Rich and Gil it is a Great article , I enjoyed the piece, thanks for sharing it. 

The following piece from the dialogue sums up why I believe the church of Rome is wrong in its insistence that her interpretation of scripture is infallible is still the major dividing line between Protestants and Catholics. 

When I began to read the scriptures and the scholarly treatises on the Gospel by others , namely Protestant theologians, I was told I was in error by not ultimately submitting to the interpretations given by the Roman magisterium. It is the major reason I am today a protestant and no longer a catholic in allegiance with the church of Rome and her pope. 

*History simply stands against any claim that the Church of Rome has been as self-consistent or clear as Scripture*

“Of course there is a “living teaching authority in the church”: normatively, Christ, by his Spirit, speaking in his Word and, subordinately, the common confession of this Word through the instruction of pastors and teachers (held in check by elders). It’s not an infallible, fail-proof system. But then, neither is Rome. History simply stands against any claim that the Church of Rome has been as self-consistent or clear as Scripture.
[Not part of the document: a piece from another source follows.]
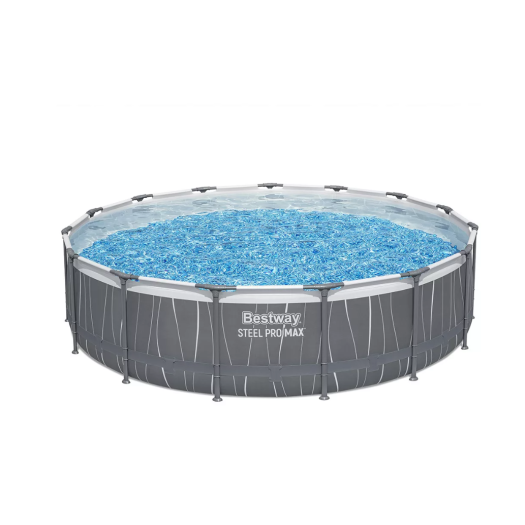 Bestway Sayulita LED-es, fémvázas medence szett 457 x 107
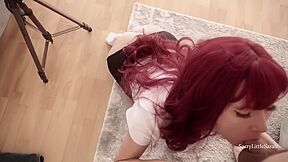 Sorrylittlesarah - Stepson Tore Pantyhose On His Step mommy, Fucked In All Her Positions A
And I repeat my earlier point that the anathemas of the Council of Trent (reaffirmed ever since) actually set Rome in opposition to the clear, marvelous, and saving gospel that is taught in Scripture. So even if there were an infallible teaching office in the church today, *Rome would fail that crucial test“.*


----------



## Marrow Man (Dec 31, 2010)

Is there a link to the original exchange? I am not seeing it in the OP.


----------



## PuritanCovenanter (Dec 31, 2010)

Marrow Man said:


> Is there a link to the original exchange? I am not seeing it in the OP.


 
I believe it is here Tim.

Reformation Day +1 - White Horse Inn Blog


----------



## LawrenceU (Dec 31, 2010)

Thanks for posting this, Rich. This issue of Sola Scriptura and the perspicuity of Scripture is at the forefront of battle today. It may well be that many of the 'young, reformed, and restless' crowd will follow the same path that Cross has walked. I know that I have seen it happen, first hand - and from an RTS graduate to boot. Neo-paganism, postmodernism, nihilism they are interconnected and they are vile worldly philosophies that warp the mind inhibiting rational thought.


----------



## Michael (Dec 31, 2010)

I'm assuming that the only way to view the entire dialogue is to purchase a subscription to _Modern Reformation_.


----------



## Semper Fidelis (Dec 31, 2010)

PuritanCovenanter said:


> Marrow Man said:
> 
> 
> > Is there a link to the original exchange? I am not seeing it in the OP.
> ...


 That's a portion of the exchange. The full exchange is found here but you need an MR account to read it: Modern Reformation - Articles


Michael said:


> I'm assuming that the only way to view the entire dialogue is to purchase a subscription to _Modern Reformation_.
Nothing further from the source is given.